ETF

ETF in Focus: GDX

Stock quotes in this article:GDX 

The following commentary comes from an independent investor or market observer as part of TheStreet's guest contributor program, which is separate from the company's news coverage.

By Scott Pluschau, technical trading associate at ETF Digest

NEW YORK (ETF Digest) -- Here is a look at the Gold Miners ETF (GDX) on a weekly chart. Back in 2009, GDX was in a phase of vertical development looking at it from an auction market perspective that I labeled with the rising channel on the chart.

In early 2011, GDX was forming a continuation pattern known as an Ascending Triangle. An Ascending triangle is when the market has been following an uptrend but has encountered a resistance level. It signifies a supply of shares being distributed at a certain price forming the horizontal resistance level. When that supply has been absorbed by the increasing demand, indicated by the rising lower boundary line, the pressure is off and the trend typically continues on the breakout as there is no further near-term supply over head.

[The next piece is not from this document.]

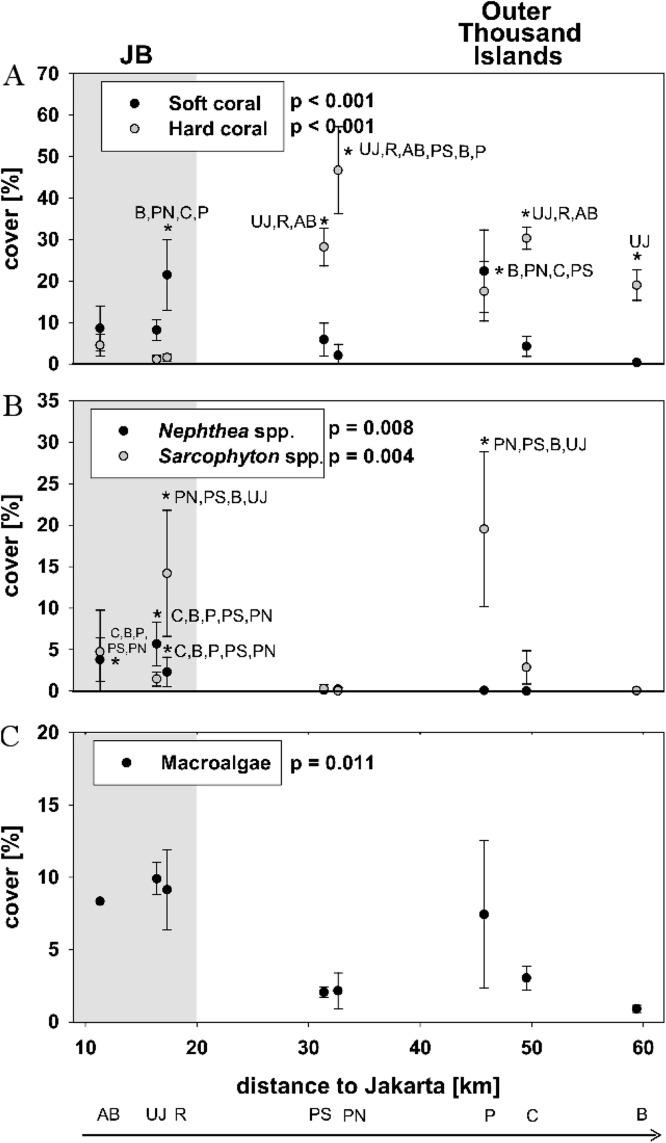 https://cdn.ncbi.nlm.nih.gov/pmc/blobs/c3f3/5127238/b4ef16fe04ff/peerj-04-2625-g002.jpg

Initial profit-taking sometimes causes a pullback to the prior resistance area, which now becomes new support, and becomes another favorable low-risk buying opportunity. Those who were stuck short look to get out break-even, and those who missed the breakout are looking to get long and buy. What the next catalyst may be that increases the supply to meet this demand is anyone's guess. Successful traders hold their winners until there is a clear reason to sell. Taking profits for the sole reason of not losing them is one reason why many traders lose money over the long run.

Looking at this year's price action, since the breakout from the Ascending Triangle, GDX has entered a phase of horizontal development. Horizontal development is a consolidation area, or sideways movement, where the market appears to have found current value. Any short-term strategy to trade inside a balance area is likely to encounter randomness and is, in my opinion, high risk. I believe the low-risk trades are found at the extremes of the balance area, either fading these areas or waiting for the breakout. I have marked this balance area on the chart with a rectangle.

There was some negative divergence in the Moving Average Convergence Divergence (MACD) as the balance area high was tested recently. Rectangles or Balance Areas can be either continuation patterns or reversal patterns. I would prefer to take the initiative trade on a breakout from a rectangle with the direction of the prior trend, as that is the path of least resistance. However, another trade that often gives good reward to risk ratios is to take the responsive trade, which is to fade one extreme of the balance area and target the other side.